- _Goal of the exercise_
Look in the data below for the line that has "Main Image 3", then print exactly every line from there through the line that has "חלוק סאטן פרחוני", leaving pictures out.

- _Given data_

BEGIN

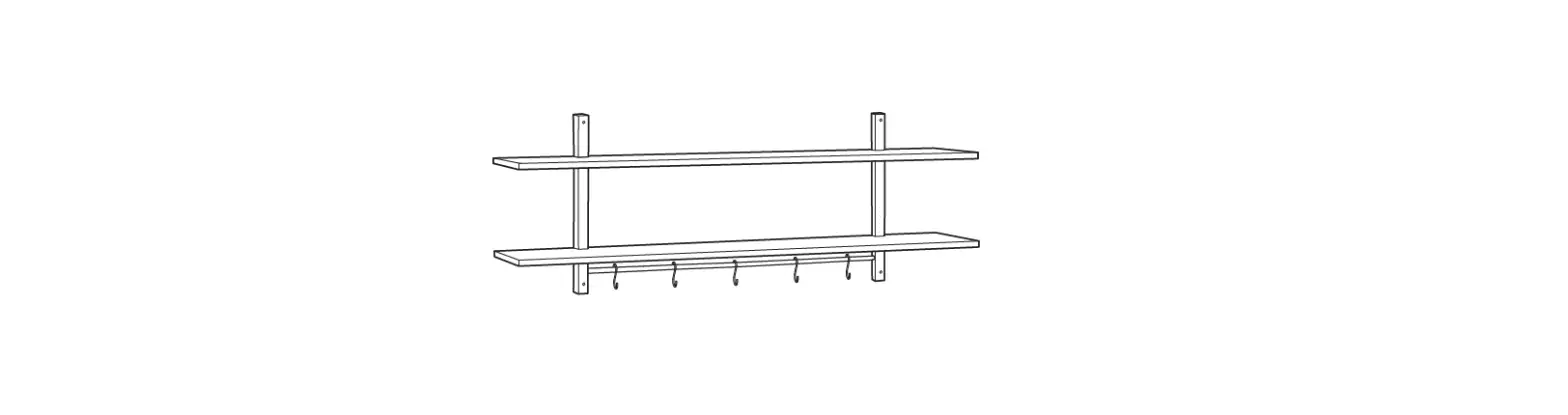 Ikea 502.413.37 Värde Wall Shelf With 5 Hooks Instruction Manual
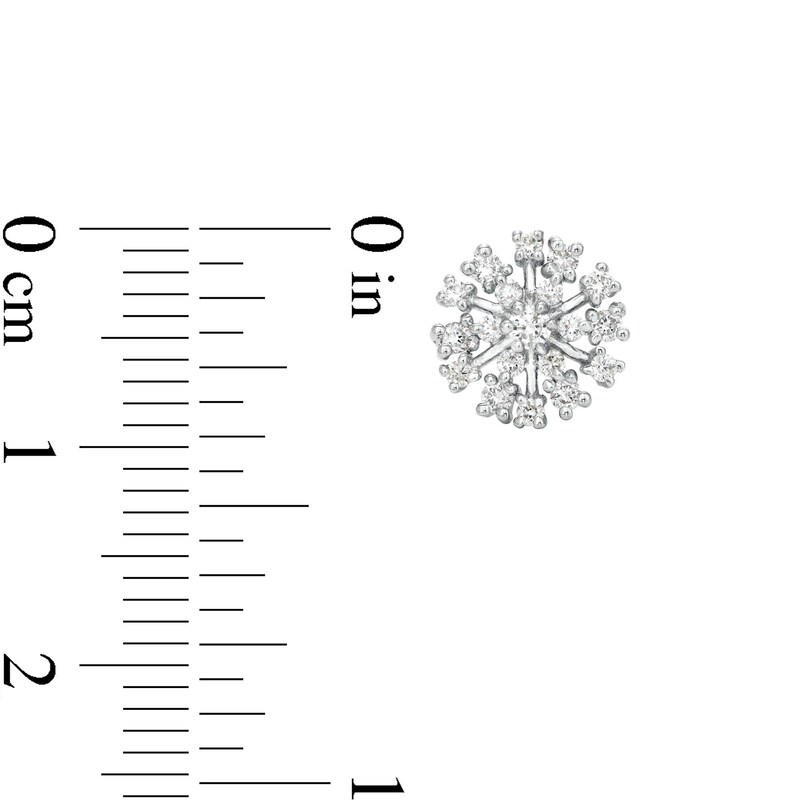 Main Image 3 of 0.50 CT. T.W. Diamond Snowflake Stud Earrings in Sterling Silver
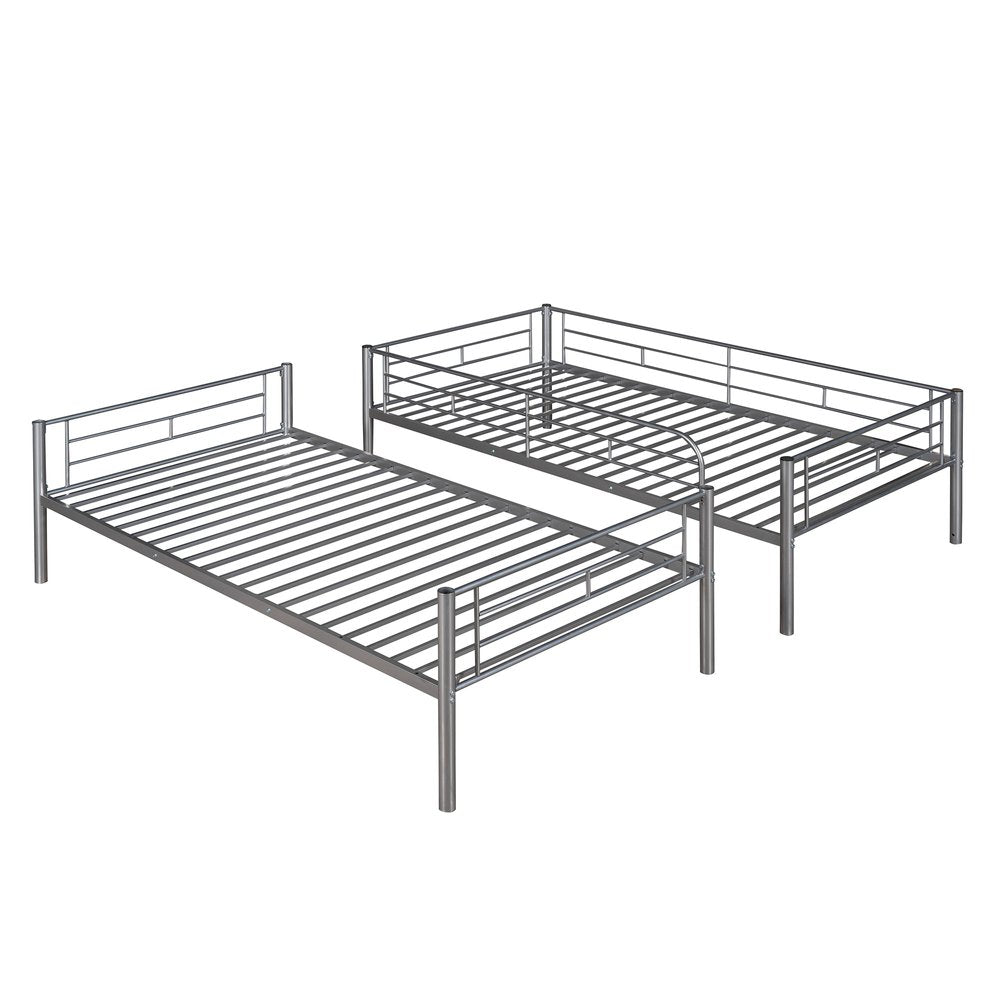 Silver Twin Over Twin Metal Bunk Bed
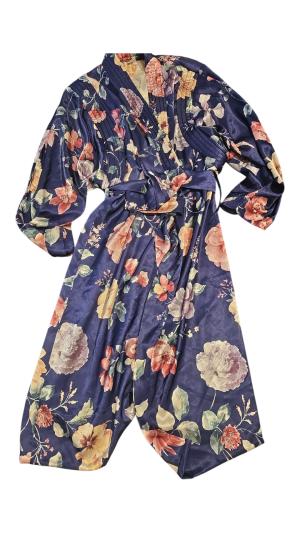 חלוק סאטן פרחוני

END
BEGIN

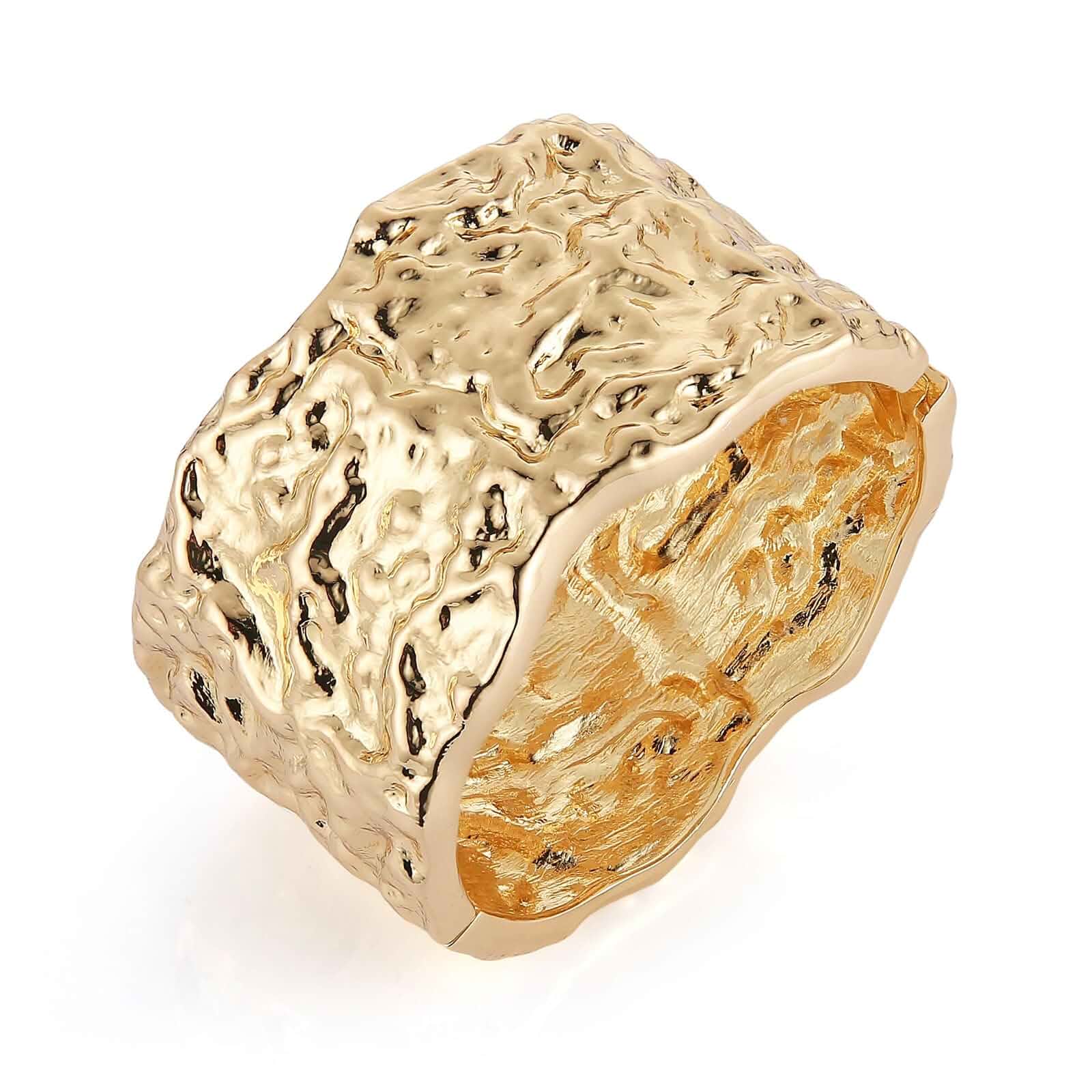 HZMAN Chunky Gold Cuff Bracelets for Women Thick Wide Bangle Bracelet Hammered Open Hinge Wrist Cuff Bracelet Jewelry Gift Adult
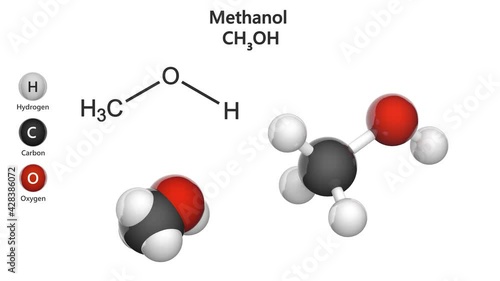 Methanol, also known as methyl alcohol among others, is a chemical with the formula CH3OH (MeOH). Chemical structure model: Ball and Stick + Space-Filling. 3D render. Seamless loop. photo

END
BEGIN

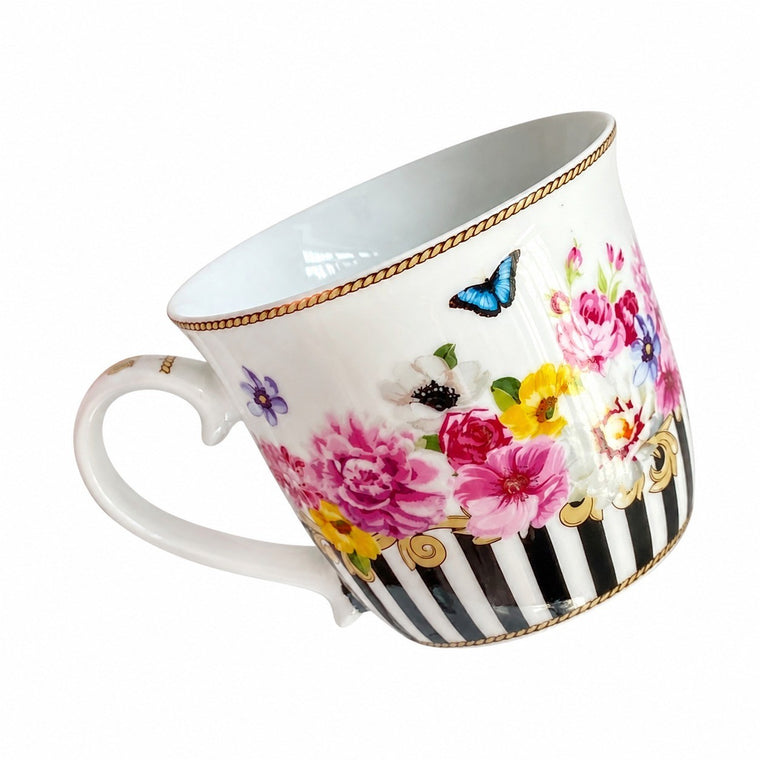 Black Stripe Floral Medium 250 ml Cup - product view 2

END

- _Your solution_
 Main Image 3 of 0.50 CT. T.W. Diamond Snowflake Stud Earrings in Sterling Silver
 Silver Twin Over Twin Metal Bunk Bed
 חלוק סאטן פרחוני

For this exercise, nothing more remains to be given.